== TASK ==
Begin at the line containing "10Rouleaux Rubans Adhésifs" in the records below, end at the line containing "Saint Terese of Avila Mug", and retype each line in that span exactly. No other line and no image should appear.

== WORKING DATA ==
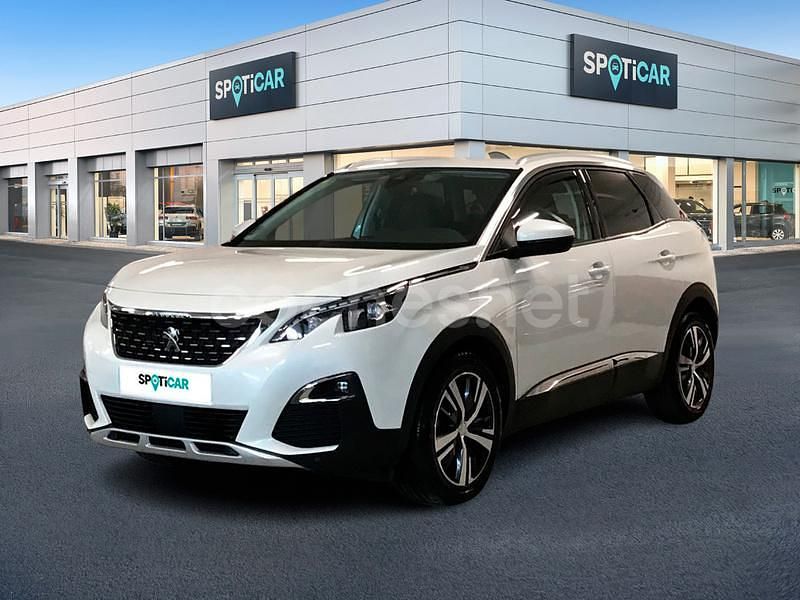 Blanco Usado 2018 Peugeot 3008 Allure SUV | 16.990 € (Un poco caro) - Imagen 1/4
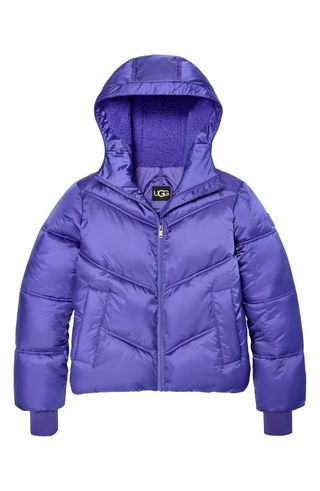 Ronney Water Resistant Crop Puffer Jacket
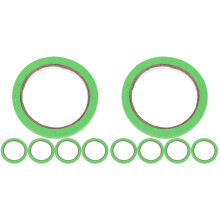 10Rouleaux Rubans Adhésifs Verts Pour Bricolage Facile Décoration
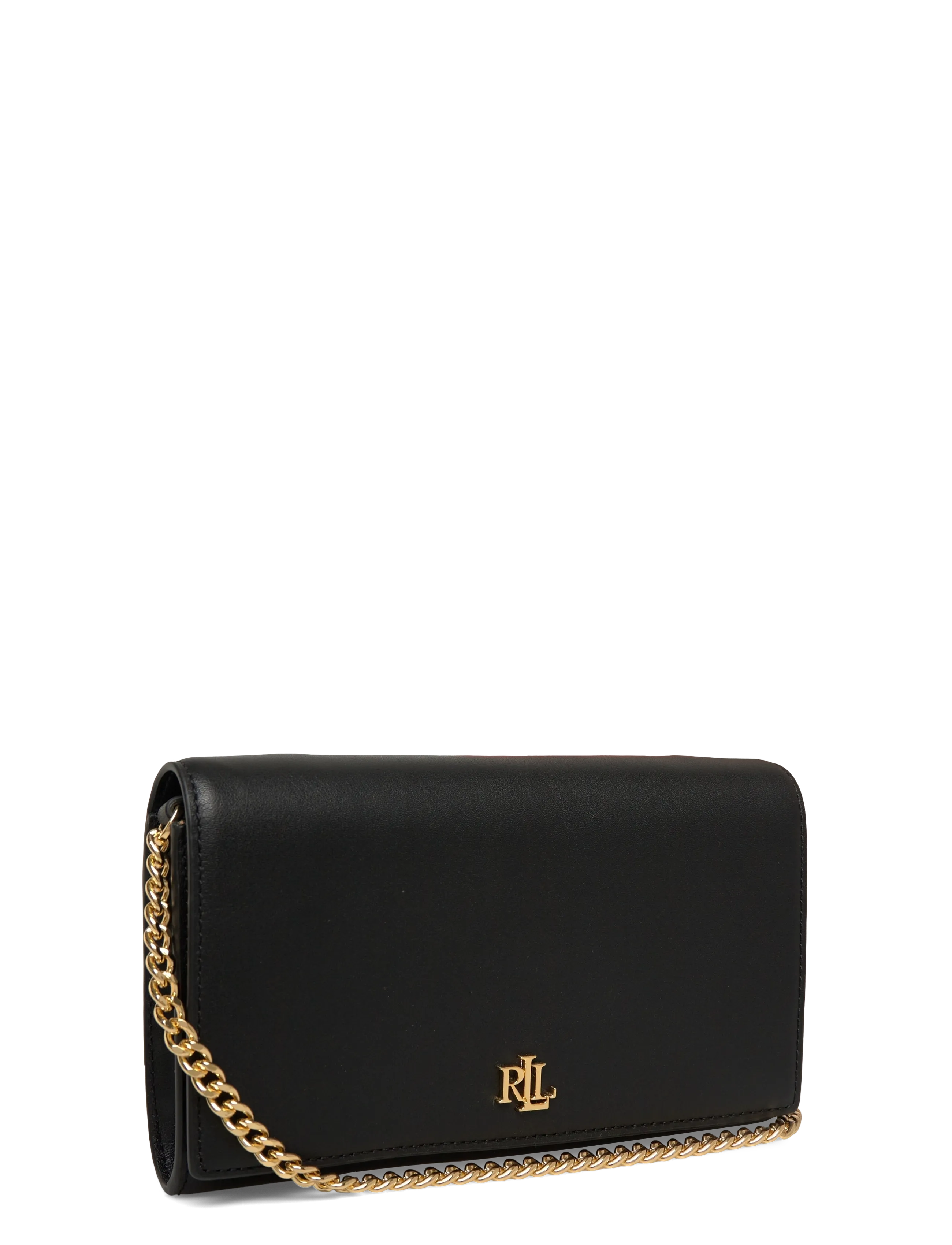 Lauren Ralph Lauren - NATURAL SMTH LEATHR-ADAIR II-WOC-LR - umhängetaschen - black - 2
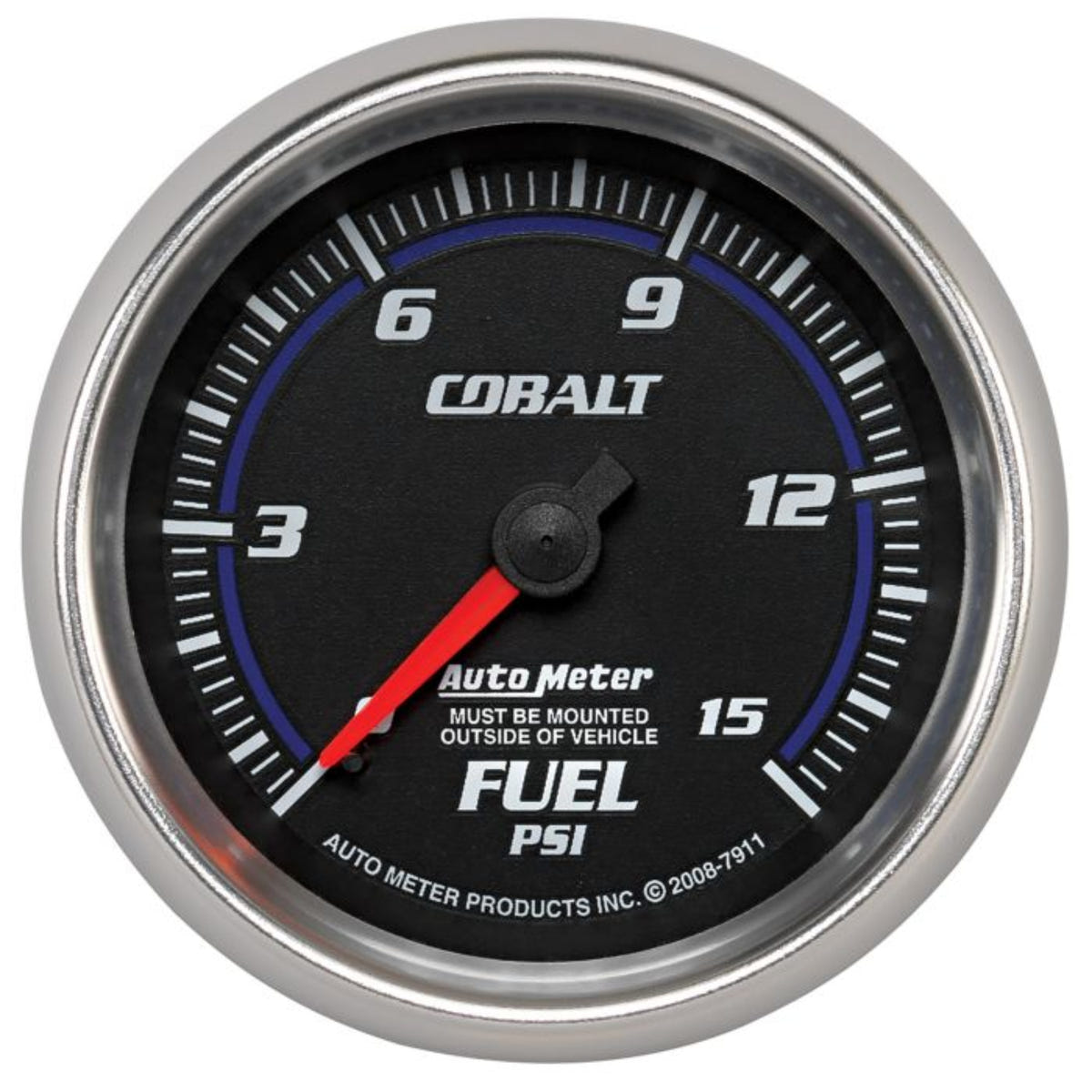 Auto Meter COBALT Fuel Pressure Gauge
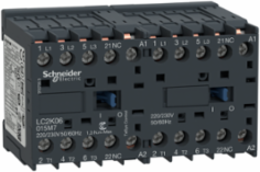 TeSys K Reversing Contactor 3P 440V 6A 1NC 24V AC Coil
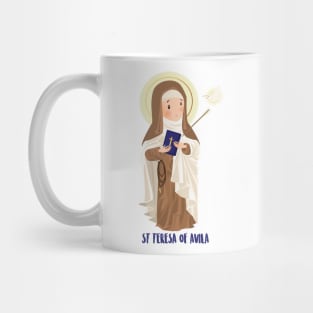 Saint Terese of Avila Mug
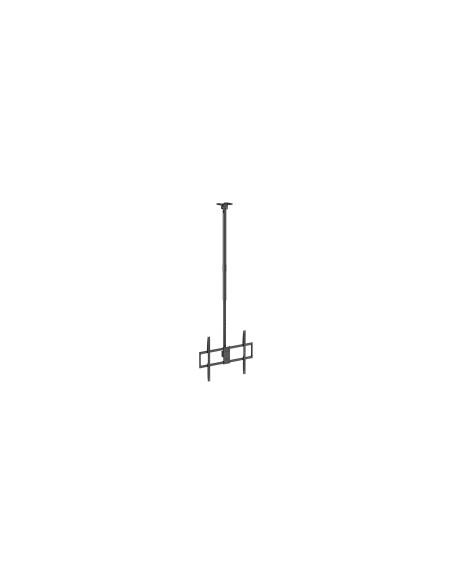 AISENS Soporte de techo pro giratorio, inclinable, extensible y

== TASK RESULT ==
 10Rouleaux Rubans Adhésifs Verts Pour Bricolage Facile Décoration
 Lauren Ralph Lauren - NATURAL SMTH LEATHR-ADAIR II-WOC-LR - umhängetaschen - black - 2
 Auto Meter COBALT Fuel Pressure Gauge
 TeSys K Reversing Contactor 3P 440V 6A 1NC 24V AC Coil
 Saint Terese of Avila Mug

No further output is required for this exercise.